OSS is a panacea for people that actually own the device and are geeks.
***Sane supports most of the more common brands of scanner, provided they don't rely on funky things like parallel ports.*** No, unfortunately, it doesn't. It supports some devices well, many after a fashion, and many not at all. The list of supported devices is here: http://www3.sane-project.org/sane-supported-devices.html I use Linux almost exclusively because a decade of supporting Windows PCs left me with a deep and abiding disgust with that once promising OS gone sour. In my experience, most peripherals are fairly well supported under Linux although it takes the miracle of ndiswrapper (a wrapper around the Windows drivers) to use some wireless interfaces. Scanners are an exception I think. If the problems aren't too bad, being able to run in Linux and switch painlessly to Windows for rarely used peripherals and jobs like US income tax preparation that are iffy under Wine, could be a viable alternative for many of us.
You can't see ANYTHING from a car, You've got to get out of the goddamned contraption and walk...Edward Abbey
Most of these comments make me want to puke. I've worked on everything from OS and drive code to firmware/bios code. The one thing I've learned is that you _DONT_ want a heavyweight BIOS/firmware. There is a certain appeal to having a system which ships with a hypervisor, and a heavyweight BIOS that can do everything from configure your memory subsystem to allow remote web based console visualization. On the other hand, you have massively complicated and restricted your system. Everyone thinks that putting all this functionality on the motherboard is a good idea because you only have to flash your BIOS once in a while.
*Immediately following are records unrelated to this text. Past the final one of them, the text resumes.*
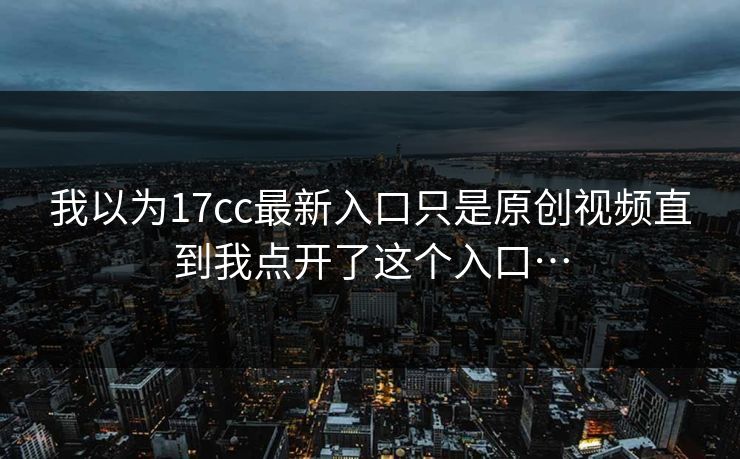 我以为17cc最新入口只是原创视频直到我点开了这个入口…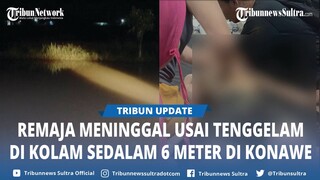 Remaja di Onembute Konawe Meninggal Dunia Usai Tenggelam di Kolam Sedalam 6 Meter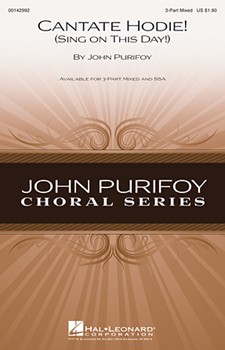 Cantate Hodie! (Sing On This Day) by Purifoy John for 3-Part Mixed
If you want an example of where a heavyweight BIOS leads to, you only have to look at the EFI or OpenFirmware specification. They are so full of technical holes and complexity that nothing works right, and in the case of EFI you have to update the drivers in the BIOS as often as you have to update them in your OS. So, instead of one driver you have two.. Plus flashing cards, or upgrading firmware drivers is _NEVER_ as easy as installing a new OS driver. There is always some technical or human factor that kicks you in the rear.
I've had this discussion with other people in the field, and basically aside from the zealots a lot of other people agree. The core concept of the PC BIOS is really close to the ultimate design. Of course its 25 years old, so its gained a lot of cruft and bugs, but if you were to start over the goal should be a modern version of the BIOS rather than some embedded OS, hypervisor, etc.
What you want is fairly lightweight bootstrap and POST utility to get the machine far enough along that you can fetch the hypervisor, or OS from the disk. This means you have to standardize the API for functions like read sector, print text on screen, read data from keyboard etc. You also have to provide the ability to extend or override those functions from a firmware blob sitting on a SAS adapter, or video card.
This is not an argument against service processors (an entirely separate topic, that people often get confused about), but rather an argument that I don't want my motherboard to try to standardize a hypervisor or OS. I want that decision left up to me. Generally the poor dumb customer doesn't want it either, they just want a machine that runs windows, linux, OSX or whatever, if they are even that detailed. The OS in the firmware people forget that firefox has been sending me weekly (daily?) patches lately, and its likely that over a few years timeframe the later versions of FF won't even run on some older firmware restricted OS without the original vendor providing upgrades. This puts the motherboard vendor in the position of being the support infrastructure for the _WHOLE_ computer. Something i'm sure the majority of them are unable to provide, even though they may have a couple people who can port corebios/linux/etc to run on their hardware.